Data extracted from a collection:

┄┄┄┄┄┄┄┄┄┄

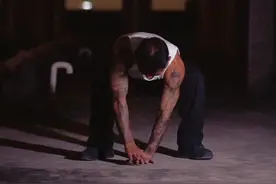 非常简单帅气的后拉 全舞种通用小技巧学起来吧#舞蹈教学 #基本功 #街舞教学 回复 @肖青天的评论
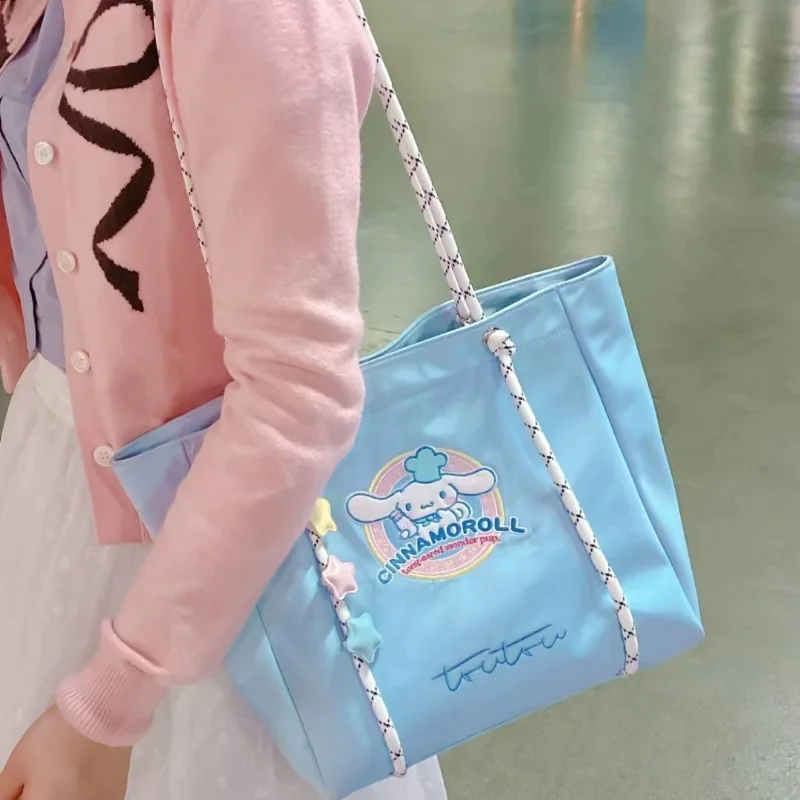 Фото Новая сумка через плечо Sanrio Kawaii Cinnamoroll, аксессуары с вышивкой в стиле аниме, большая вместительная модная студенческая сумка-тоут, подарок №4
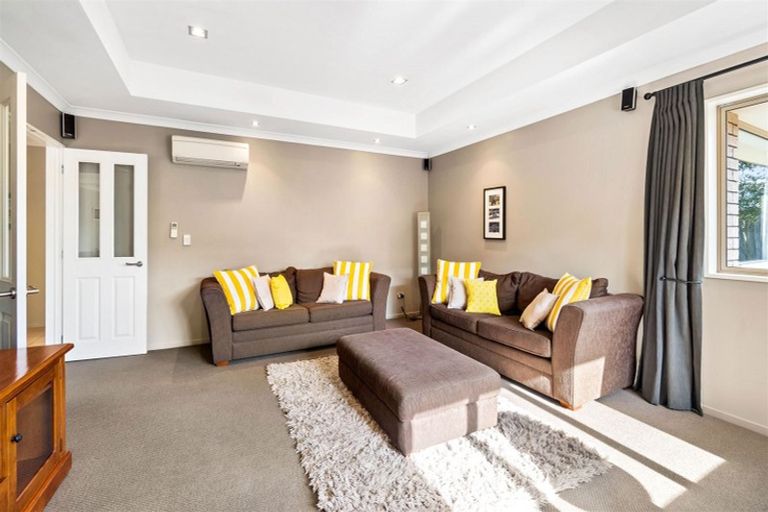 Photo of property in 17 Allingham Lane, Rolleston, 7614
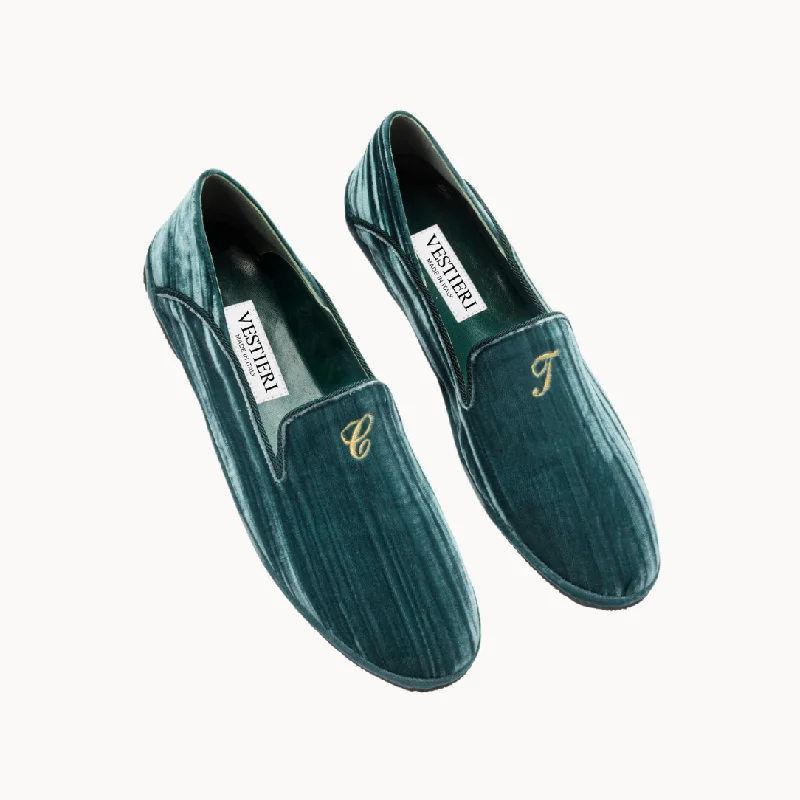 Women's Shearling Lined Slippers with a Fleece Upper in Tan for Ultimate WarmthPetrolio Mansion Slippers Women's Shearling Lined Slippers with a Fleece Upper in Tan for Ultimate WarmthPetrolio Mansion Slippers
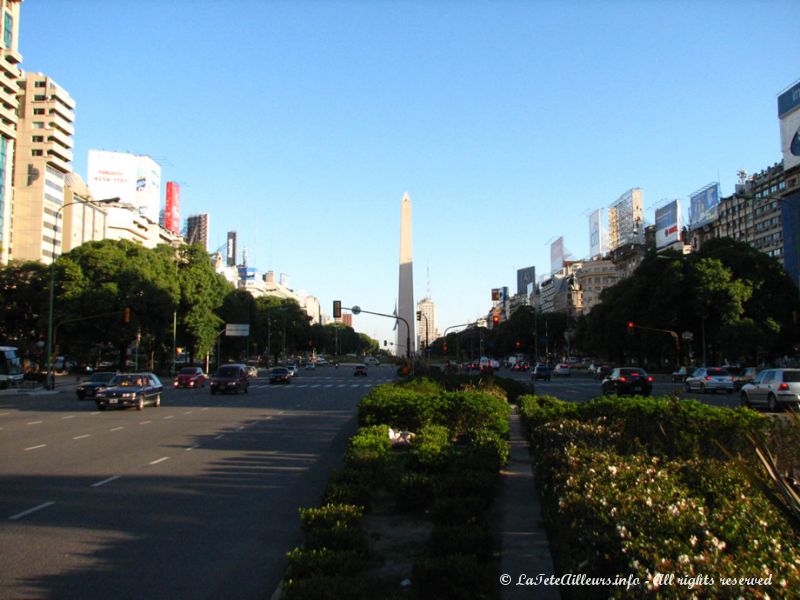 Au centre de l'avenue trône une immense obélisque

┄┄┄┄┄┄┄┄┄┄

Set down every entry above exactly as written. Leave out all pictures.

Solution to the exercise:
 非常简单帅气的后拉 全舞种通用小技巧学起来吧#舞蹈教学 #基本功 #街舞教学 回复 @肖青天的评论
 Фото Новая сумка через плечо Sanrio Kawaii Cinnamoroll, аксессуары с вышивкой в стиле аниме, большая вместительная модная студенческая сумка-тоут, подарок №4
 Photo of property in 17 Allingham Lane, Rolleston, 7614
 Women's Shearling Lined Slippers with a Fleece Upper in Tan for Ultimate WarmthPetrolio Mansion Slippers Women's Shearling Lined Slippers with a Fleece Upper in Tan for Ultimate WarmthPetrolio Mansion Slippers
 Au centre de l'avenue trône une immense obélisque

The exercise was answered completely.